Tencent Open Source Hybrid 3D World Model 2.0, One Click Generation of Editable 3D Space

Tencent has developed a '3D World Generator' that can be used by game developers and embodied intelligence

The production of 3D content has long been a high threshold job.

To create a game level, a 3D modeler needs to gradually set up the scene, arrange objects, and debug lighting. To create a training environment for embodied intelligence, it is necessary to twin the real-world digital environment. Both of these tasks used to be manually completed by professionals, which was time-consuming and laborious.

From 'Pinching Objects' to' Creating the World '

The previous generation of 3D generative models mostly focused on "single objects" - if you give it a sentence, it generates a chair, a car, or a tree. But do you want to generate a complete and explorable 3D scene? Sorry, I can't do it.

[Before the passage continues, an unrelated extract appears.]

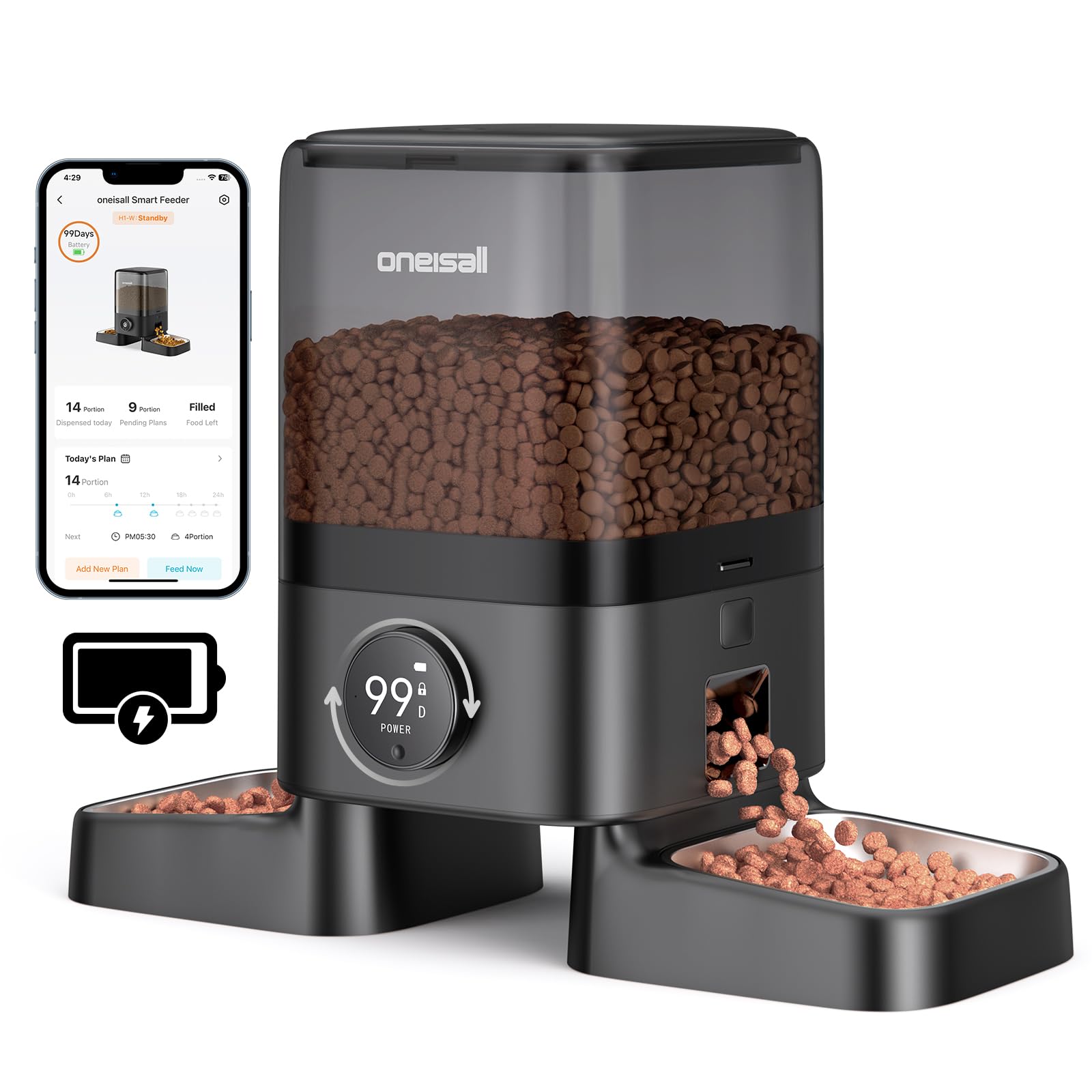 Oneisall cordless WiFi automatic cat feeder front view with cord-free placement.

The core upgrade of HY-World2.0 is to expand the ability from "generating objects" to "generating worlds". It can not only generate individual 3D models, but also generate the entire 3D space - including people, objects, and scenery - together.

Specifically, it supports three input modes: text, images, and videos. You input a text description of 'a sunny city street', which generates an entire explorable 3D scene, not just a tree or a street lamp.

And the generated assets are interactive and editable. You can continue to adjust, add things, and change the layout on the generated results, instead of a static file that is "fixed".

How did it do it technically?

Let's talk about a few core upgrades:

1. HY Pano-2.0: 360 degree panoramic mapping

It uses an end-to-end implicit learning scheme to complete 360 degree panoramic mapping without camera parameters. Translated into human language, it means: You don't need to provide professional shooting parameters, it can calculate the spatial structure from the input content on its own. This design lowers the threshold for use and allows ordinary users to generate high-quality panoramic 3D content.

2. Spatial Agent: Intelligent Planning of Roaming Trajectory

Tencent's self-developed spatial agent technology combines visual language model (VLM) and navmesh representation. Simply put, it can not only generate static scenes, but also understand the spatial structure of the scene and plan reasonable roaming paths. The generated 3D scene is not just a static asset placed there, but also has a "road" where you can let the character walk inside.

3. WorldStereo: Cross regional Consistency

When you add a newly generated area to an existing scene, it ensures that the new area is geometrically and visually consistent with the original area. There will be no awkward issues such as' new room and corridor size not matching 'or' inconsistent lighting direction '.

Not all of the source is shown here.